■ **Work to be completed**:
Find the line with "66635226 :رقم المزاد" in the records below. Output exactly from there until after the line with "কেরানীগঞ্জে প্লাস্টিক কারখানায়", without pictures.

■ **Supplied records**:
....................

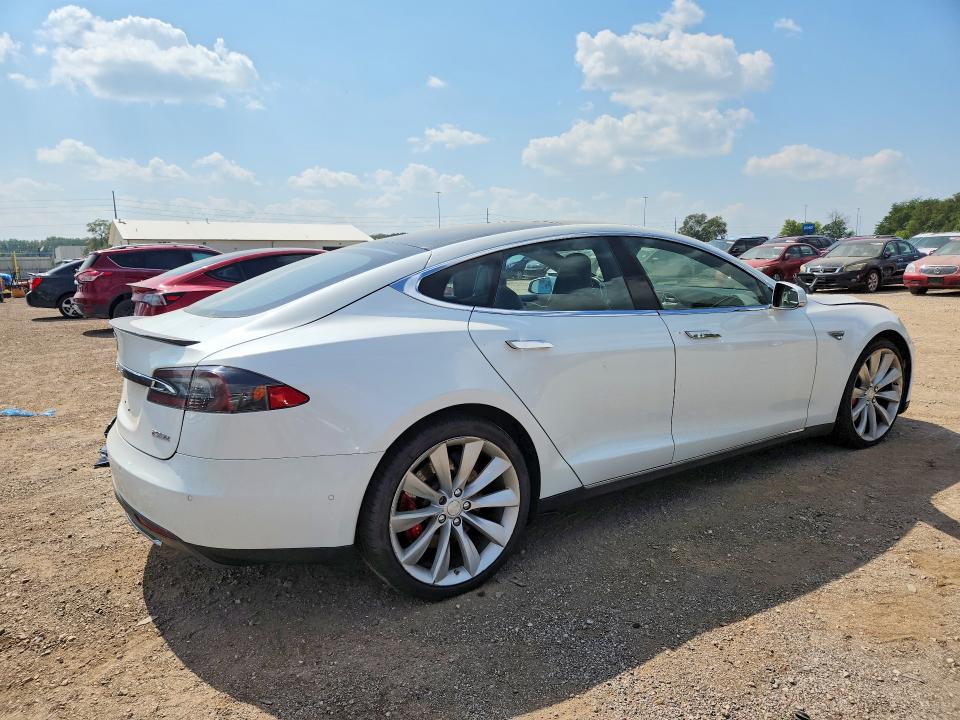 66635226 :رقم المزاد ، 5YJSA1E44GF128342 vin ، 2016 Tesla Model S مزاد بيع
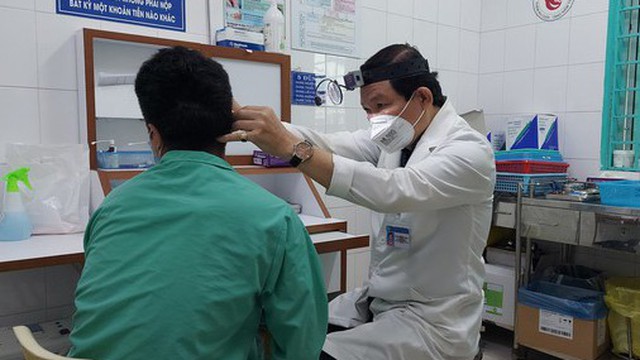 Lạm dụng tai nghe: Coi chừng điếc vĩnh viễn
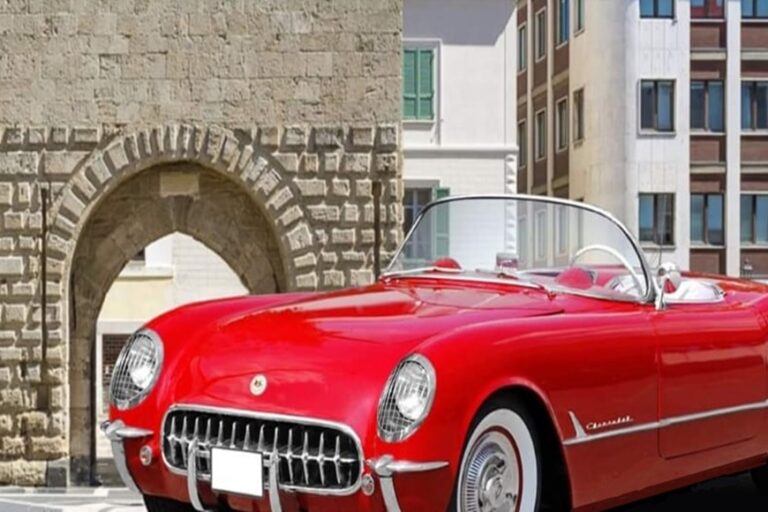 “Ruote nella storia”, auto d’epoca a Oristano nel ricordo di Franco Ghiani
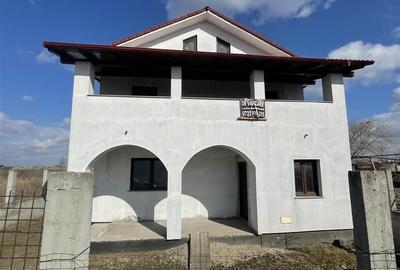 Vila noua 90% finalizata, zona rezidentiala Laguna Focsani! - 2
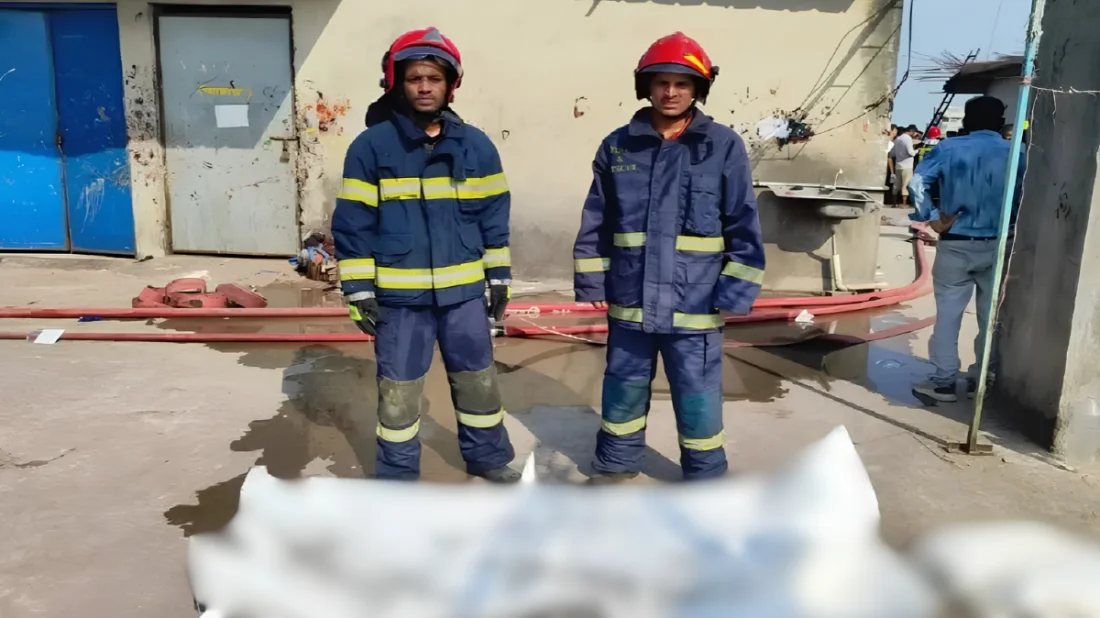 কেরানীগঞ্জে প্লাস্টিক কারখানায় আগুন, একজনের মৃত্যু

....................

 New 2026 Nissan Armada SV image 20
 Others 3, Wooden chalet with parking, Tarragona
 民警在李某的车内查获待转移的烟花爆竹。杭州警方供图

....................

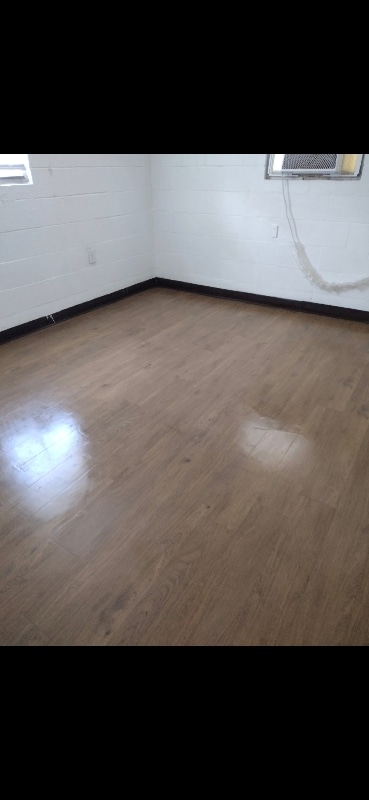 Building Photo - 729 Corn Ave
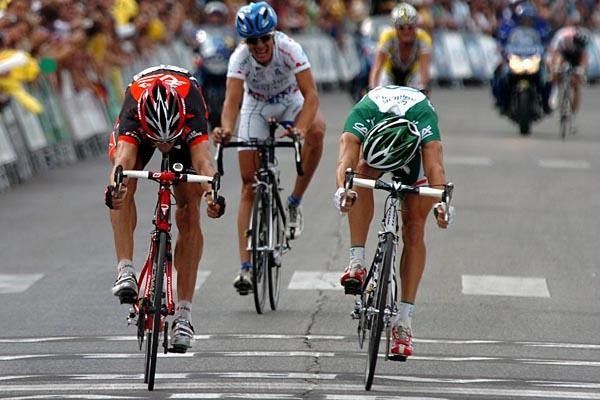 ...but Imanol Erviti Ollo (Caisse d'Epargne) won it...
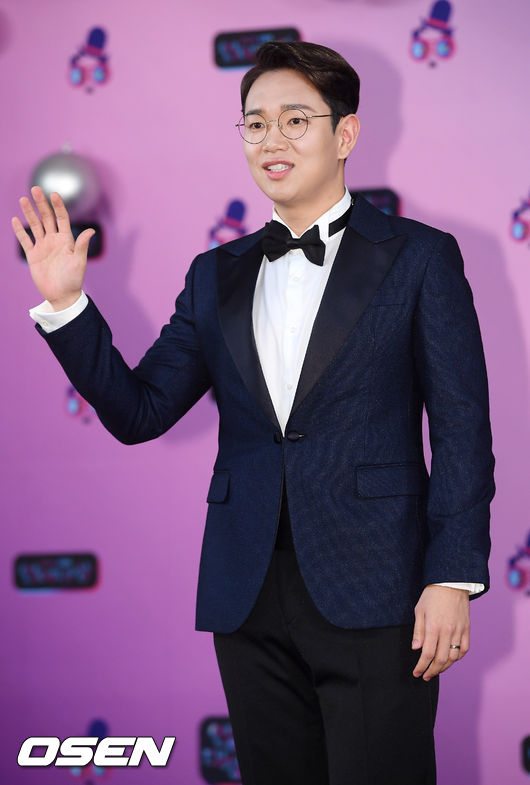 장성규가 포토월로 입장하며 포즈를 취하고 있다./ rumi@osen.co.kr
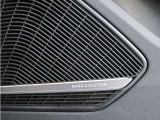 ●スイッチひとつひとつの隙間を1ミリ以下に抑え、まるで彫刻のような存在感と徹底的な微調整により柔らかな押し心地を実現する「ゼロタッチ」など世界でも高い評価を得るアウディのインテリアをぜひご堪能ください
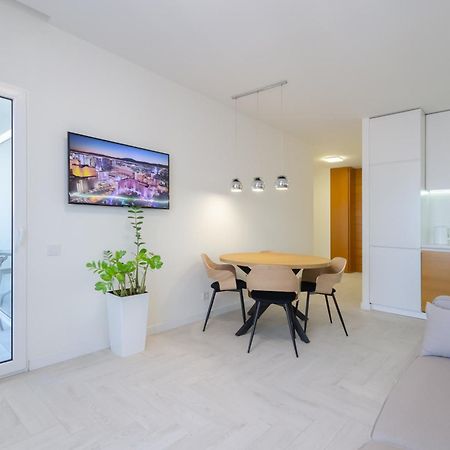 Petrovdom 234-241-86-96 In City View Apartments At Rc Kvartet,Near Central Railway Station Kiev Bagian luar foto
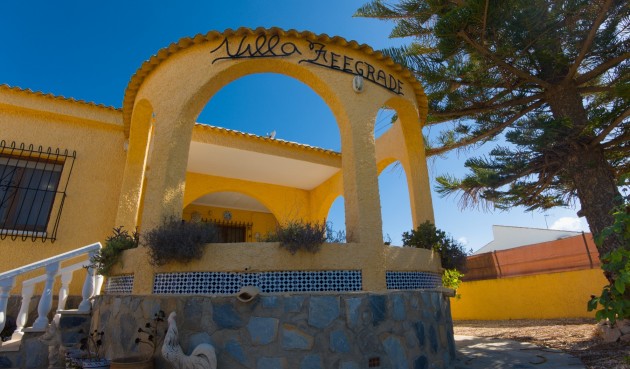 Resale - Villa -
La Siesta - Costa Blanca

....................

■ **Solution**:
 66635226 :رقم المزاد ، 5YJSA1E44GF128342 vin ، 2016 Tesla Model S مزاد بيع
 Lạm dụng tai nghe: Coi chừng điếc vĩnh viễn
 “Ruote nella storia”, auto d’epoca a Oristano nel ricordo di Franco Ghiani
 Vila noua 90% finalizata, zona rezidentiala Laguna Focsani! - 2
 কেরানীগঞ্জে প্লাস্টিক কারখানায় আগুন, একজনের মৃত্যু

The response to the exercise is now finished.